**What to produce:** Print out the full listing, exactly.

━━━

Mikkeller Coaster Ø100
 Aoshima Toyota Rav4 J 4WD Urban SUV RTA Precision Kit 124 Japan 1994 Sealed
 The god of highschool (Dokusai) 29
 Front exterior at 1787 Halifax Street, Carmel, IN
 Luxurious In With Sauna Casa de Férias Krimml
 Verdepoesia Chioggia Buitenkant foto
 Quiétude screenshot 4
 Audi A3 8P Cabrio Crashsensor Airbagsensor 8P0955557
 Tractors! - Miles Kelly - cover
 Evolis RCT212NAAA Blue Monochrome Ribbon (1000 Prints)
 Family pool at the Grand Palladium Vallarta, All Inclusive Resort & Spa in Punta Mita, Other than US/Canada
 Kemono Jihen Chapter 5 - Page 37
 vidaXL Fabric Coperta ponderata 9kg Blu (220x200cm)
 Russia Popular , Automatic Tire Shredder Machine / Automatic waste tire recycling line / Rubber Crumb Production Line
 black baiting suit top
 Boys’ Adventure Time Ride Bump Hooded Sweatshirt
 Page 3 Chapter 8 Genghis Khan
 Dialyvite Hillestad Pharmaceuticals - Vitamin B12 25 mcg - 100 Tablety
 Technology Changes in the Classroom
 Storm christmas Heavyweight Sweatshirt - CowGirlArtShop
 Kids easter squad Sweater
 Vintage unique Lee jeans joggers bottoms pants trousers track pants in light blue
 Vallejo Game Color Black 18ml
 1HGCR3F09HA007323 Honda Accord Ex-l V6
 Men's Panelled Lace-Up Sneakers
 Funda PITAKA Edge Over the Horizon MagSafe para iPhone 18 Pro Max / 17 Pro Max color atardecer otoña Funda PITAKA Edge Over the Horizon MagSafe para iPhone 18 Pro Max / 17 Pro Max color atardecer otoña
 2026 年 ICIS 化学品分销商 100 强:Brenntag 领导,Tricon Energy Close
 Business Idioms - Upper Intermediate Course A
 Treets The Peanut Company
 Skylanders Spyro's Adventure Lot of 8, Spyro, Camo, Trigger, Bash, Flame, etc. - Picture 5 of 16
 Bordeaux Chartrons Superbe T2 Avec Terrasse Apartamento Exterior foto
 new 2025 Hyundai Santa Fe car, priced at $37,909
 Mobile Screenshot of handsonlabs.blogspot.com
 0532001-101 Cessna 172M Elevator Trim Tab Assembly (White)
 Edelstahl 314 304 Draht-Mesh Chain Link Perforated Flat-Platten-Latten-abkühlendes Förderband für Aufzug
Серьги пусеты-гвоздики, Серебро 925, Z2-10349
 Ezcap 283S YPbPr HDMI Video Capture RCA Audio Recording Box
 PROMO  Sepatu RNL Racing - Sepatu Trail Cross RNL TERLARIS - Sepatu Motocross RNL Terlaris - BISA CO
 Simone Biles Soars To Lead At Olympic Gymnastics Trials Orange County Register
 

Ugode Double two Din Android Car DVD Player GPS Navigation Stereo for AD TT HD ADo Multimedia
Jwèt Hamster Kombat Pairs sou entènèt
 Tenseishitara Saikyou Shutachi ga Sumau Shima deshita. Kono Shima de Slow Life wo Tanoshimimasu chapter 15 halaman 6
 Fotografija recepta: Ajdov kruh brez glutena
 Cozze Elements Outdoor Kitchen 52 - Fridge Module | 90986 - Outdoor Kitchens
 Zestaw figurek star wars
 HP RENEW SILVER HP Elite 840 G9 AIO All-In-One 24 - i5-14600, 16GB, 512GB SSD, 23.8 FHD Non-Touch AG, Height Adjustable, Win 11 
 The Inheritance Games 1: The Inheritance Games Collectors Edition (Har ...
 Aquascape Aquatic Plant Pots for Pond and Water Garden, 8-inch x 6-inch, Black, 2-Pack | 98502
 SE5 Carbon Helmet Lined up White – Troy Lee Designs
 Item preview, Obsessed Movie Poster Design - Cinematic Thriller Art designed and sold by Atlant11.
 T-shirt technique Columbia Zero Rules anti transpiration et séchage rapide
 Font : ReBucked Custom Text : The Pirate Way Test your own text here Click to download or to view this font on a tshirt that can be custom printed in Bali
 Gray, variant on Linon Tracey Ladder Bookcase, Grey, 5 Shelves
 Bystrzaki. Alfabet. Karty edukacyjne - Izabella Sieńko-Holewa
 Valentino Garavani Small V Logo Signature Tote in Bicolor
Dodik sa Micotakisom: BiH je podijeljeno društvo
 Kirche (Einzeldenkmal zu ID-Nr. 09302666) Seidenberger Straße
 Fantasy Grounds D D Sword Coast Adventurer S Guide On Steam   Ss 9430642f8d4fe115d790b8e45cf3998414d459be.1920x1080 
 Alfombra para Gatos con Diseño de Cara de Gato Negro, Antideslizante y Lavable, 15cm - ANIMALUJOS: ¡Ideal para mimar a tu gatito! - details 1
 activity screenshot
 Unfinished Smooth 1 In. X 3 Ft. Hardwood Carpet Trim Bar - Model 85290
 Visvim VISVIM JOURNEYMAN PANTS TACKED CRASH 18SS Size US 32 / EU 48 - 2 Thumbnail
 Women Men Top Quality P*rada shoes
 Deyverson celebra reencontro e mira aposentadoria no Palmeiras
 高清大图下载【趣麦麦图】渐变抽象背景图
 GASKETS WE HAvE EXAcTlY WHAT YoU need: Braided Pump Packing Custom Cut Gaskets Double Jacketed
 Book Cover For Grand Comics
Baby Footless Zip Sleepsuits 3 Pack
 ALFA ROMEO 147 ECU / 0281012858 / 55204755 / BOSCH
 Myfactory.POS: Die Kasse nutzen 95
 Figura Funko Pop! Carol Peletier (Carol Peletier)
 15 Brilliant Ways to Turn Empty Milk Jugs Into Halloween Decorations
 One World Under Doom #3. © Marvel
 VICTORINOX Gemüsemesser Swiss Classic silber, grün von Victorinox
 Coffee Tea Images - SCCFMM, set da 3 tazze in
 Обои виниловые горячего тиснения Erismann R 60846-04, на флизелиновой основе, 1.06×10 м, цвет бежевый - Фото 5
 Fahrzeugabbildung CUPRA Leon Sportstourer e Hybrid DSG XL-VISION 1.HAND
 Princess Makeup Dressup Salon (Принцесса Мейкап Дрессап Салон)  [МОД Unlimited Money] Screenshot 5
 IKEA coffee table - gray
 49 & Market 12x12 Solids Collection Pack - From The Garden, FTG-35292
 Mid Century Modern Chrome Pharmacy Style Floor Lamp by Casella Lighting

━━━

**Exercise result:**
Mikkeller Coaster Ø100
 Aoshima Toyota Rav4 J 4WD Urban SUV RTA Precision Kit 124 Japan 1994 Sealed
 The god of highschool (Dokusai) 29
 Front exterior at 1787 Halifax Street, Carmel, IN
 Luxurious In With Sauna Casa de Férias Krimml
 Verdepoesia Chioggia Buitenkant foto
 Quiétude screenshot 4
 Audi A3 8P Cabrio Crashsensor Airbagsensor 8P0955557
 Tractors! - Miles Kelly - cover
 Evolis RCT212NAAA Blue Monochrome Ribbon (1000 Prints)
 Family pool at the Grand Palladium Vallarta, All Inclusive Resort & Spa in Punta Mita, Other than US/Canada
 Kemono Jihen Chapter 5 - Page 37
 vidaXL Fabric Coperta ponderata 9kg Blu (220x200cm)
 Russia Popular , Automatic Tire Shredder Machine / Automatic waste tire recycling line / Rubber Crumb Production Line
 black baiting suit top
 Boys’ Adventure Time Ride Bump Hooded Sweatshirt
 Page 3 Chapter 8 Genghis Khan
 Dialyvite Hillestad Pharmaceuticals - Vitamin B12 25 mcg - 100 Tablety
 Technology Changes in the Classroom
 Storm christmas Heavyweight Sweatshirt - CowGirlArtShop
 Kids easter squad Sweater
 Vintage unique Lee jeans joggers bottoms pants trousers track pants in light blue
 Vallejo Game Color Black 18ml
 1HGCR3F09HA007323 Honda Accord Ex-l V6
 Men's Panelled Lace-Up Sneakers
 Funda PITAKA Edge Over the Horizon MagSafe para iPhone 18 Pro Max / 17 Pro Max color atardecer otoña Funda PITAKA Edge Over the Horizon MagSafe para iPhone 18 Pro Max / 17 Pro Max color atardecer otoña
 2026 年 ICIS 化学品分销商 100 强:Brenntag 领导,Tricon Energy Close
 Business Idioms - Upper Intermediate Course A
 Treets The Peanut Company
 Skylanders Spyro's Adventure Lot of 8, Spyro, Camo, Trigger, Bash, Flame, etc. - Picture 5 of 16
 Bordeaux Chartrons Superbe T2 Avec Terrasse Apartamento Exterior foto
 new 2025 Hyundai Santa Fe car, priced at $37,909
 Mobile Screenshot of handsonlabs.blogspot.com
 0532001-101 Cessna 172M Elevator Trim Tab Assembly (White)
 Edelstahl 314 304 Draht-Mesh Chain Link Perforated Flat-Platten-Latten-abkühlendes Förderband für Aufzug
Серьги пусеты-гвоздики, Серебро 925, Z2-10349
 Ezcap 283S YPbPr HDMI Video Capture RCA Audio Recording Box
 PROMO  Sepatu RNL Racing - Sepatu Trail Cross RNL TERLARIS - Sepatu Motocross RNL Terlaris - BISA CO
 Simone Biles Soars To Lead At Olympic Gymnastics Trials Orange County Register
 

Ugode Double two Din Android Car DVD Player GPS Navigation Stereo for AD TT HD ADo Multimedia
Jwèt Hamster Kombat Pairs sou entènèt
 Tenseishitara Saikyou Shutachi ga Sumau Shima deshita. Kono Shima de Slow Life wo Tanoshimimasu chapter 15 halaman 6
 Fotografija recepta: Ajdov kruh brez glutena
 Cozze Elements Outdoor Kitchen 52 - Fridge Module | 90986 - Outdoor Kitchens
 Zestaw figurek star wars
 HP RENEW SILVER HP Elite 840 G9 AIO All-In-One 24 - i5-14600, 16GB, 512GB SSD, 23.8 FHD Non-Touch AG, Height Adjustable, Win 11 
 The Inheritance Games 1: The Inheritance Games Collectors Edition (Har ...
 Aquascape Aquatic Plant Pots for Pond and Water Garden, 8-inch x 6-inch, Black, 2-Pack | 98502
 SE5 Carbon Helmet Lined up White – Troy Lee Designs
 Item preview, Obsessed Movie Poster Design - Cinematic Thriller Art designed and sold by Atlant11.
 T-shirt technique Columbia Zero Rules anti transpiration et séchage rapide
 Font : ReBucked Custom Text : The Pirate Way Test your own text here Click to download or to view this font on a tshirt that can be custom printed in Bali
 Gray, variant on Linon Tracey Ladder Bookcase, Grey, 5 Shelves
 Bystrzaki. Alfabet. Karty edukacyjne - Izabella Sieńko-Holewa
 Valentino Garavani Small V Logo Signature Tote in Bicolor
Dodik sa Micotakisom: BiH je podijeljeno društvo
 Kirche (Einzeldenkmal zu ID-Nr. 09302666) Seidenberger Straße
 Fantasy Grounds D D Sword Coast Adventurer S Guide On Steam   Ss 9430642f8d4fe115d790b8e45cf3998414d459be.1920x1080 
 Alfombra para Gatos con Diseño de Cara de Gato Negro, Antideslizante y Lavable, 15cm - ANIMALUJOS: ¡Ideal para mimar a tu gatito! - details 1
 activity screenshot
 Unfinished Smooth 1 In. X 3 Ft. Hardwood Carpet Trim Bar - Model 85290
 Visvim VISVIM JOURNEYMAN PANTS TACKED CRASH 18SS Size US 32 / EU 48 - 2 Thumbnail
 Women Men Top Quality P*rada shoes
 Deyverson celebra reencontro e mira aposentadoria no Palmeiras
 高清大图下载【趣麦麦图】渐变抽象背景图
 GASKETS WE HAvE EXAcTlY WHAT YoU need: Braided Pump Packing Custom Cut Gaskets Double Jacketed
 Book Cover For Grand Comics
Baby Footless Zip Sleepsuits 3 Pack
 ALFA ROMEO 147 ECU / 0281012858 / 55204755 / BOSCH
 Myfactory.POS: Die Kasse nutzen 95
 Figura Funko Pop! Carol Peletier (Carol Peletier)
 15 Brilliant Ways to Turn Empty Milk Jugs Into Halloween Decorations
 One World Under Doom #3. © Marvel
 VICTORINOX Gemüsemesser Swiss Classic silber, grün von Victorinox
 Coffee Tea Images - SCCFMM, set da 3 tazze in
 Обои виниловые горячего тиснения Erismann R 60846-04, на флизелиновой основе, 1.06×10 м, цвет бежевый - Фото 5
 Fahrzeugabbildung CUPRA Leon Sportstourer e Hybrid DSG XL-VISION 1.HAND
 Princess Makeup Dressup Salon (Принцесса Мейкап Дрессап Салон)  [МОД Unlimited Money] Screenshot 5
 IKEA coffee table - gray
 49 & Market 12x12 Solids Collection Pack - From The Garden, FTG-35292
 Mid Century Modern Chrome Pharmacy Style Floor Lamp by Casella Lighting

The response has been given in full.